Although stdout isn't pretty, %timeit gives us a good idea of how long each batch took to insert. I'm running these tests on a Thinkpad X230 with an intel i5 and msata drive.¶

In [17]:

runtimes.stdout

Out[17]:

u'100 loops, best of 3: 8.38 ms per loop\n10 loops, best of 3: 118 ms per loop\n1 loops, best of 3: 1.15 s per loop\n1 loops, best of 3: 11.9 s per loop\n1 loops, best of 3: 96.6 s per loop\n'

Next, we'll insert a sizeable chunk of fake citations and start running benchmarks on various queries. Note: When running the 32-bit version of MongoDB databases are limited to 2gb. I found that limit to be hit around ~500,000 fake articles. If you're running the 64-bit version, feel free to add more than what I have below.¶

In [18]:

for x in range(450000):
    articles.insert(generate_csl())
articles.count()

Out[18]:

Down to the queries.¶

Notes:

MongoDB uses 'dot notation' for iterating through dicts.

E.g. citati on.authors.family will look for:

{"citation": {"authors": { "family" : "...here..." } } }

cell magics e.g.: %%timeit must be at the top of the cell or they will not function. Yes, even above comments.
%%time vs %timeit -- I chose to use %%timeit because it reports the average time of some number of iterations. Although you can manually specify how many iterations via the -n parameter, it's not always necessary. The IPython guys were smart enough to make this scale automatically. Inexpensive actions such as the query below may loop 100,000 times but expensive actions i.g. creating 100,000 articles and inserting them into the DB may only run 3 times.

First, lets run some author based queries.¶

In [19]:

%%timeit
# time a query for one author
one_author = articles.find({'citation.authors.family': author_pool[23]['family']})

100000 loops, best of 3: 7.68 us per loop

In [20]:

%%timeit
# time a query for two authors
two_authors = articles.find({
                             'citation.authors.family': author_pool[23]['family'], 
                             'citation.authors.family': author_pool[51]['family']
                             })

100000 loops, best of 3: 7.86 us per loop

In [21]:

%%timeit
# now, lets query two authors from the primary citation and then a third within the references
three_authors = articles.find({
                               'citation.authors.family': author_pool[23]['family'], 
                               'citation.authors.family': author_pool[51]['family'],
                               'references.authors.family': author_pool[3]['family']
                               })

100000 loops, best of 3: 7.86 us per loop

Next, lets the search times of title vs ObjectID.¶

In [22]:

# grab the ObjectID and title from a random article
sample_article = articles.find_one()
uid = sample_article['_id']
title = sample_article['citation']['title']

In [23]:

# time a query based on ObjectID
%timeit articles.find({'_id': uid})

100000 loops, best of 3: 7.88 us per loop

In [24]:

# time a query vased on title
%timeit articles.find({'citation.title': title})

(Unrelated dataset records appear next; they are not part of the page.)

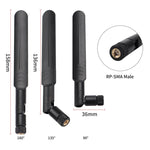 2 x 6dBi 2.4GHz 5GHz Dual Band WiFi RP-SMA Male Antenna + 2 x 35CM RP-SMA IPEX MHF4 Pigtail Cable for M.2 NGFF WiFi WLAN Card, 6dBi Antenna + RP-SMA Cable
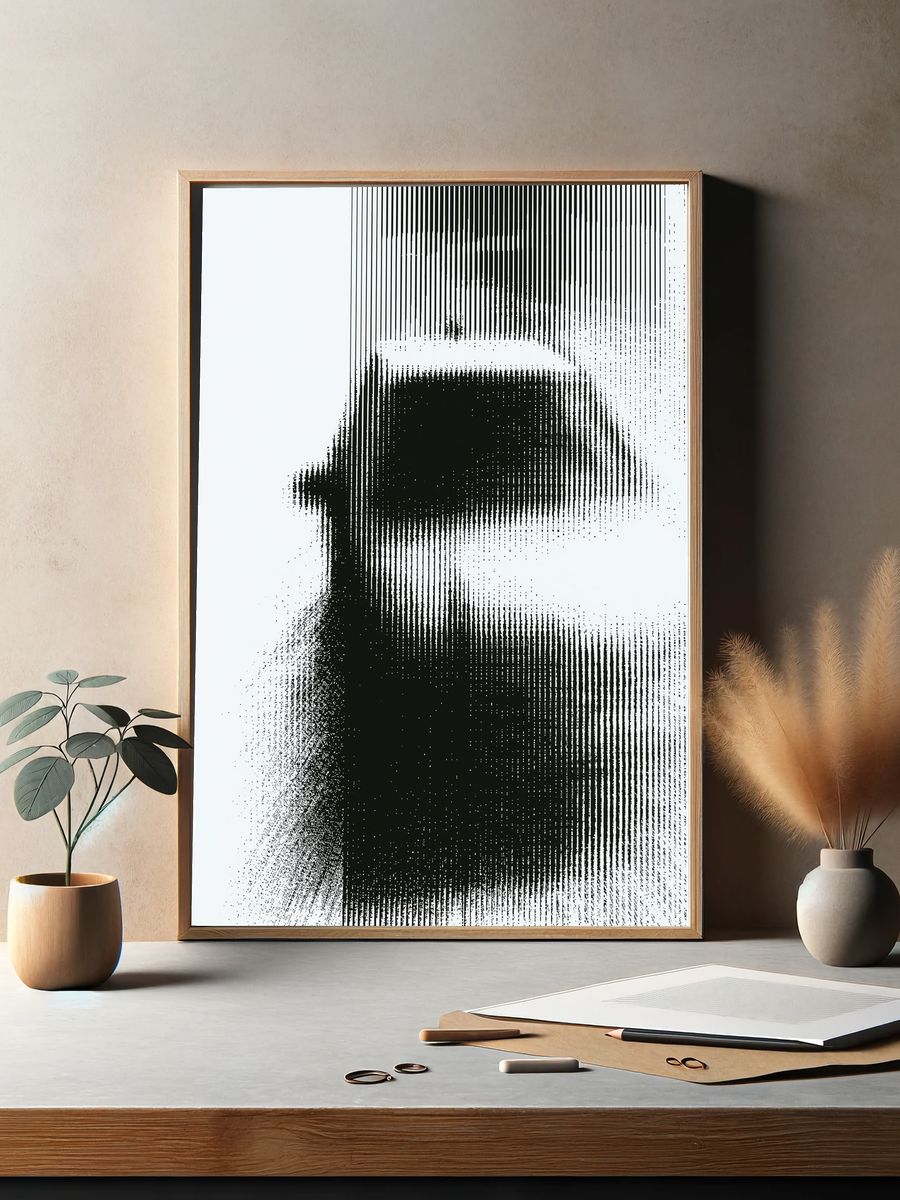 Monochrome Glitch Abstract Poster. — room view 2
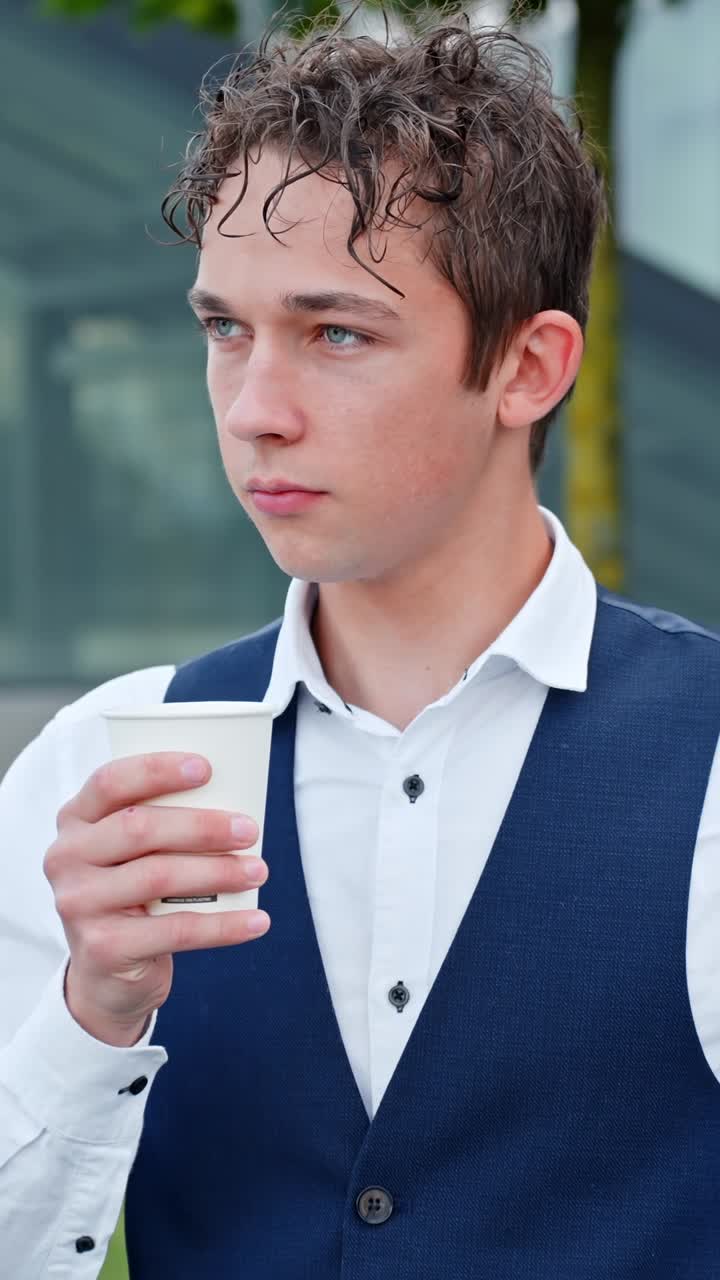 Businessman Drinking Morning Coffee Outdoor - Close Up, Vertical Shot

100000 loops, best of 3: 7.79 us per loop

Finally, let's execute some ranged queries.¶

In [25]:

%%timeit
# query for all articles writtein in 2000
article_query_one = articles.find({'citation.date': 2000 } )

100000 loops, best of 3: 7.61 us per loop

In [26]:

%%timeit
# query for all articles written after 2000
article_query_two = articles.find({'citation.date': { "$gt": 2000} })

100000 loops, best of 3: 7.93 us per loop

In [27]:

%%timeit
# query for all articles written after 1960 and before 2011
article_query_three = articles.find({'citation.date': { '$gte': 1960, '$lte': 2010 }})

100000 loops, best of 3: 7.77 us per loop

After thoughts:¶

We were initially concerned with response times for database queries. But, as the results show, even with roughly half of a million articles querying deep within individual citations was rather quick. Not a single query had an average time of over 10 micro seconds. Not too bad.